Reduction of inflammation and relief of pain associated with musculo-skeletal disorders and soft tissue lesions (traumatic injuries and surgical trauma). In cases of anticipated surgical trauma, Quadrisol can be given prophylactically at least three hours prior to elective surgery.

Quadrisol is intended for twice daily administration. The advised dosage is an initial dose of 2 mg/kg (2 ml/100 kg) followed by a maintenance dose of 1 mg/kg (1 ml/100kg) given every 12 hours. Treatment can be continued for a maximum of 14 consecutive days. Body weight and dosage rate must be accurately determined to avoid overdosing. In case of prophylactic treatment, a maximum duration of treatment of seven consecutive days is sufficient.

The gel is administered orally by inserting the nozzle of the syringe through the interdental space and depositing the required amount of gel on the back of the tongue. Before administration, the syringe should be adjusted to the calculated dosage by setting the ring on the plunger.

It is advisable to administer the product before feeding.

Do not use in animals suffering from alimentary tract disorders, impaired heart, liver or kidney function.

Do not use in lactating animals. Do not use in foals under the age of six months. Quadrisol must not be given with other non-steroidal anti-inflammatory drugs (NSAID’s) or glucocorticosteroids.

Undesirable effects

Typical NSAID side effects include lesions and bleeding in the alimentary tract, diarrhoea, urticaria, lethargy and inappetence. If symptoms occur, treatment should be discontinued. Symptoms are reversible. Overdosing may lead to death of treated animals.

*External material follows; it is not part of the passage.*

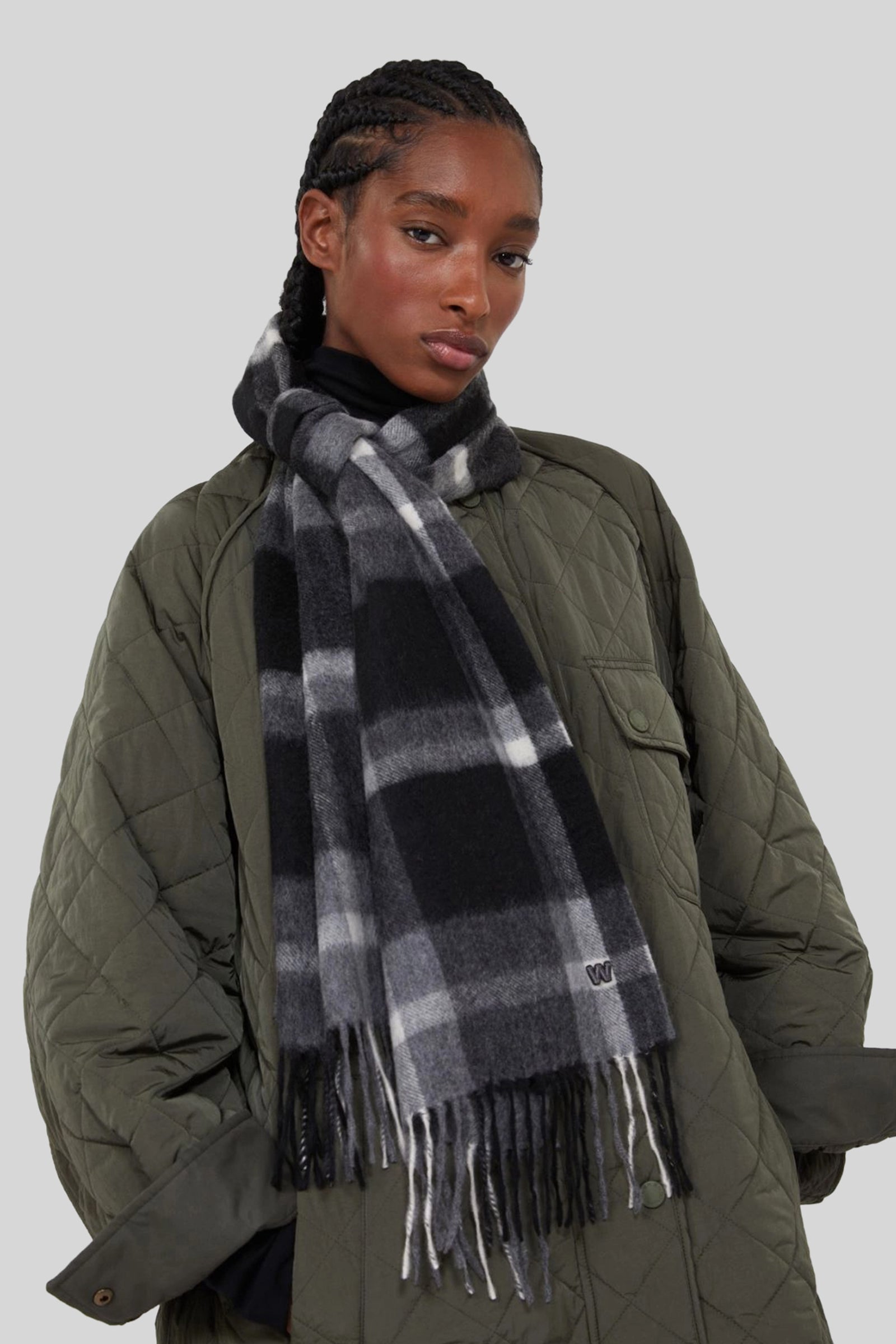 Max Mara Weekend Sciarpa In Cachemire Jacquard Nero Donna - 2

If you notice any other side effects, please inform your veterinary surgeon.

Warnings

The safety of the veterinary medicinal product has not been established during lactation. Quadrisol 100 mg/ml can be used during pregnancy.

Horses with oral lesions should be assessed clinically and a decision should be taken by the attending veterinary surgeon as to whether treatment should be continued. Horses with persistent signs of oral lesions should not be treated. Horses should be monitored for oral lesions during treatment.

Avoid use in any dehydrated, hypovolaemic or hypotensive animals as there may be potential risk of increased renal toxicity. Horses intended for racing and competition should be treated according to local requirements. Appropriate precautions must be taken for such horses to ensure compliance with competition regulations. In case of doubt, it is advisable to test the urine.

For animal treatment only. Keep out of the reach of children.

Withdrawal period

Meat and offal: 12 days

Store between 15°C and 25°C.

Shelf life after first opening of the product: two months.

Do not use after the expiry date stated on the label.

Unused product and containers should be disposed of in accordance with any guidance from an appropriate waste regulation authority, e.g. the local office of the Environment Agency or SEPA.